Heat-related mortality in Polish cities: Up to three times more fatalities on hot summer days
May 27, 2019
Photo: WrS.tm.pl (www.flickr.com)
The heat waves of 2003 and 2010 hit large parts of Europe and caused tens of thousands of fatalities across the continent. Mortality increases during smaller scale heat waves as well. This was concluded from a study on additional mortality during heat waves in the 10 most populous cities in Poland. Four heat waves were studied: the hot summers of 1992, 1994, 2006, and 2010.

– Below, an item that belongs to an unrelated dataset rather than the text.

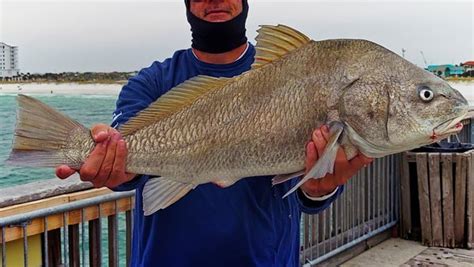 Fishing Pensacola Beach - Pensacola Surf Fishing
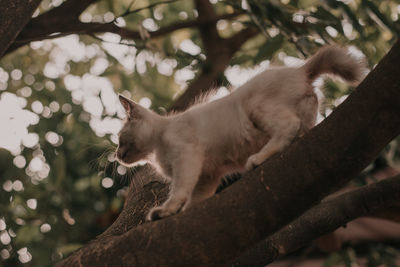 Low angle view of cat on tree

The study shows that the number of fatalities in some Polish cities was more than three times higher during the hottest days than the mean mortality at the same date in years without a heat wave. The number of additional deaths in the largest cities increased noticeably when daily maximum air temperature exceeded 26-28 °C. The number of heat-related fatalities was highest in the summer of 1994: in the 10 largest cities of Poland, additional mortality was almost 1100 people.
Not a temporal shift
Previous studies on intense and long-lasting heat waves have shown that a large part of the heat-related fatalities are vulnerable, often elderly people. Without the heat wave, these people would have died in the next weeks, and the additional heat-wave-related mortality is a temporal shift: in the weeks after the heat wave, mortality is relatively low. The polish results show a different picture: additional heat-wave-related mortality is compensated only slightly (up to 25%), or even not at all, by a decrease of the number of fatalities in the 30 days after the heat wave. The Polish results agree with other studies in the sense that the increase of mortality risk during heat waves in Poland is particularly high for people older than 65 years and suffering from cardiovascular diseases.
The excess mortality was highest during heat waves that were both intense and long lasting, with maximum air temperature exceeding 35 °C and heat wave duration longer than 4 weeks. For long-lasting heat waves in urban conditions in Poland, their intensity seems to be of higher importance than their duration.
An underestimated risk
The authors conclude that the increase of mortality during heat waves is a serious threat in Poland already in the present climate and will be even more severe in a warming climate. Among decision-makers and the broad public in Poland, this risk is underestimated, they state, and current warning systems are not designed to properly inform the population about these weather extremes.